I made my way off the pitch-head and back into the Ice Cream Trail. We gathered ourselves briefly, before Olly lead the way up the electron ladder, visibly struggling to get off the top of the ladder into the tight slot that leads onwards. Now it was my turn to climb up, I made it halfway up the ladder and heard an unusual *clunk* sound, unnerving at first I shook it off as simply having bashed my foot against the ladder and continued to climb – when I reached the top I realised that the dull clunking had been one side of the ladder snapping clean off at a rusted joint in the steel cable, the other side was similarly rusted but still holding. 10m off the deck with my whole body weight on one cable of a rusted ladder, I let out a disconcerted moan, explaining to the others what had happened – a mild panic swept through the group, I started trying to figure out a way to repair the ladder but positioned where I was (either hanging off on the ladder in free space, or squeezed into the tight crevice leading on from the ladder) I couldn’t do anything about it and had to carry on, easier said than done as the manoeuvre required me to use the ladder to push myself into the passage, and I wasn’t really wanting to put that much strain on it! I found a position that worked and slotted myself up, leaving the ladder behind – ready to tackle the rest of the Ice Cream Trail, which was harder in reverse than on the way in, but proved little obstacle to the Slippery Boy ahead of me. I struggled along behind him, the sounds of Leo manhandling the Dave Clucas tackle-sack following me.
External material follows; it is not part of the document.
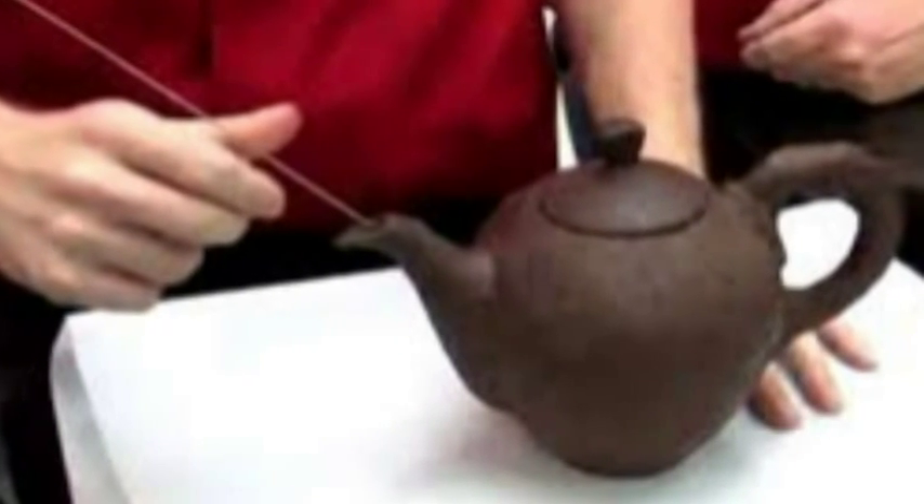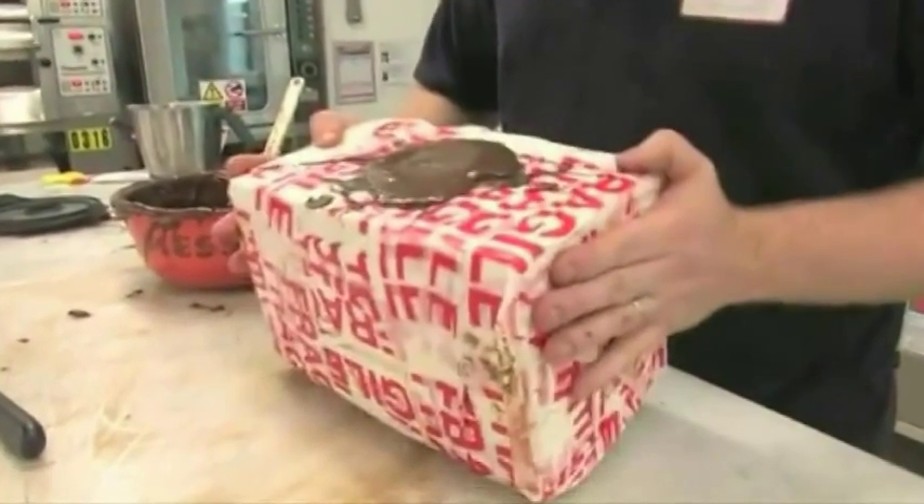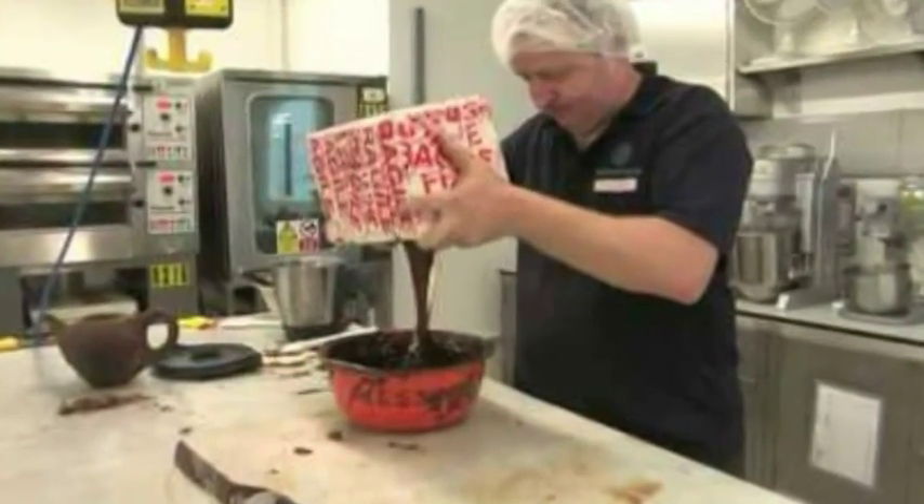The expression 'as much use as a teapot' has taken on a whole new meaning, because this brewing device crafted from cocoa works like a dream. A world first, the chocolate teapot has been made using dark chocolate with 65% chocolate solids, due to its high fat content.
After much pain, thrutching and bladder-holding I crawled free from the passage, and ran to the waterfall up ahead to relieve myself before donning my kit ready for the ascent out. I lead the way, with Leo behind me and Olly bringing up the ropes. We climbed back up the pitches and through Bad Badger Choke to the bottom of the entrance shaft. I took over rope-carrying duty for the 70m slog out, and Leo took the lead. The prussik out was somewhat tiring after a long trip but the small glint of daylight still slightly visible high above kept us going. We emerged into a foggy, wintery white-out, but were able to follow the trail of slippery carnage back to the cars.
Great trip on the whole, decent amount of ropework and some full-on horizontal challenges. I do recommend it.